We also agree that the image acquisition date may not be ideal with respect to phenology. As so often, the actual date was not entirely controlled by phenological considerations, but it got delayed due to the timing of project funding and other practical constraints. Nevertheless, the results do show that the data is useful for the purpose for which it was acquired. We discuss this point in section "Data quality".
The use of segmentation techniques is also an interesting recommendation. We agree that applying a tree-crown segmentation first could potentially increase the accuracy of some models. However, the actual effect of such a preprocessing would be unclear and make the study more complex, involving additional hyperparameters that control the behavior of the segmentation algorithm. In addition it would draw the focus away from the actual main points of the study - the comparison of (ensemble) filter-based feature selection methods in combination with narrow-band remote sensing data. We therefore consider this an excellent recommendation for future work, and in particular for the application of the proposed techniques to more heterogeneous stands.
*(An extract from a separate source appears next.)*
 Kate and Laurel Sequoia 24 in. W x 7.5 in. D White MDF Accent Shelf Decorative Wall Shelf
We have also added another paragraph mentioning potential data issues leading to reduced performances in the discussion:
"In addition, data quality issues might have an influence on model performances. These include the timing of the acquisition of the hyperspectral data (late phenological phase), field measurement errors when surveying defoliation, the influence of background reflectance (e.g. soil reflectance) and the possible positional offset of measured GPS coordinates of trees."
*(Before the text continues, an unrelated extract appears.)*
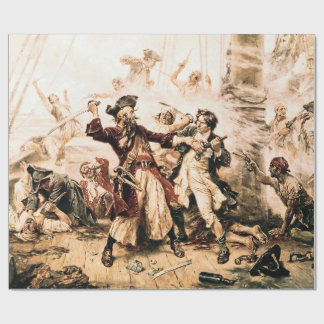 Capture, Pirate Blackbeard, Queen Anne's Revenge Wrapping Paper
We very much hope that the reviewer will be satisfied with our responses and the changes made to the manuscript to address the comments and openly communicate any remaining uncertainties.
Major Comments:
- Please proved more information of the hyperspectral data-set. How was the radiometric, atmospheric and geometric correction done? Why two acquisition dates?
We agree that this is an important metadata information. Note that these preprocessing tasks were done externally by an experienced, specialized service provider (Institut Cartogràfic i Geològic de Catalunya). Because we think that this detailed information on data preprocessing might extend the data section too much, we decided to add it to appendix F.
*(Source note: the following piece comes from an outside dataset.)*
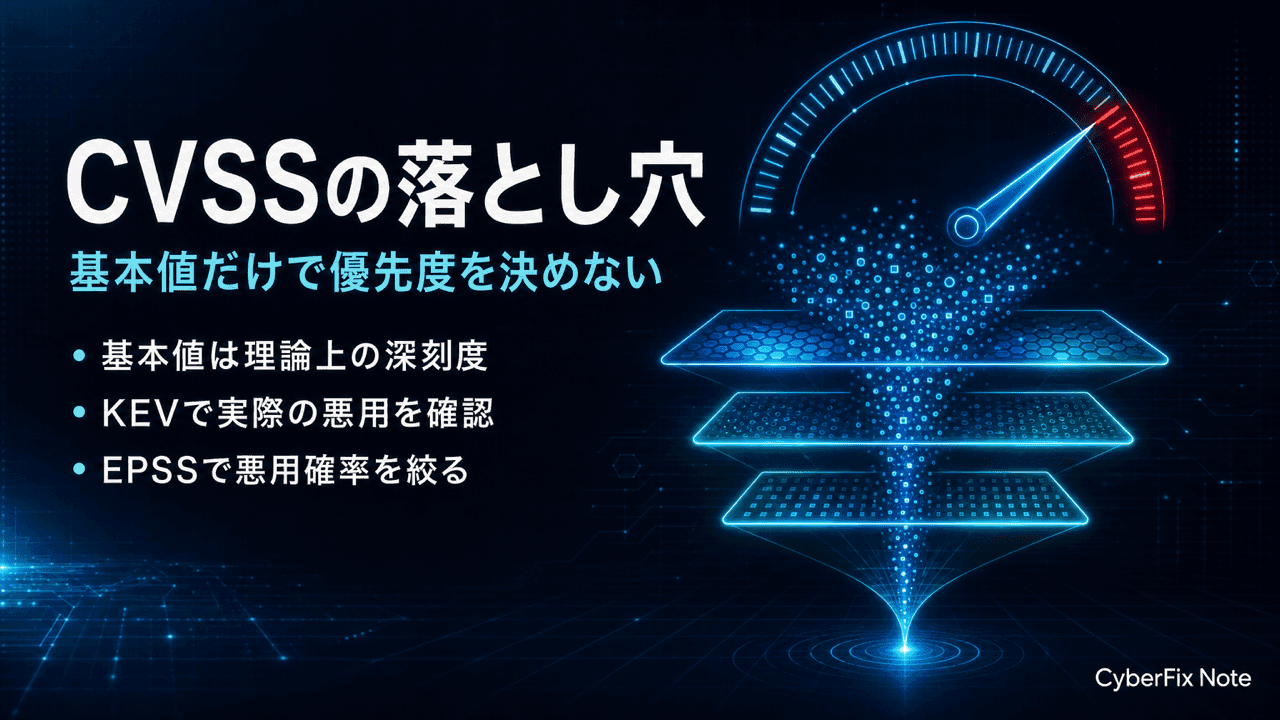 CVSSスコアの読み方と脆弱性対応の優先度付け。基本値だけで判断しないために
The AisaEAGLE II sensor was used for airborne image acquisition with a field of view of 37.7°. Its spectral resolution is 2.4 nm in the range from 400 to 1000 nm.
"The conversion of DNs to spectral radiance was made by using a software designed for the instrument. Images are originally scaled in 12 bits but they were radiometrically calibrated to 16 bits, reserving the highest value: 65535, for null values. The procedure was applied on the 23 previously selected images. Thereafter, the geometric and atmospheric corrections were further applied on them."
"The aim of this procedure was to reduce the positional errors of the images. The cartography of reference was GeoEuskadi, UTM, zone 30, datum ETRS-89. The position was accomplished by coupling an Applanix POS AV 410 system to the sensor, which integrates GPS and IMU systems. The system provides geographic coordinates of the terrain and relative coordinates of the aircraft (attitude) at each scanned line. Additionally a DSM from GeoEuskadi with a spatial resolution of 1 m was used. The ortorectified hyperspectral images were compared to orthoimages 1:5000 of GeoEuskadi and the RMSE was calculated, which was below the GSD in the across and along track directions"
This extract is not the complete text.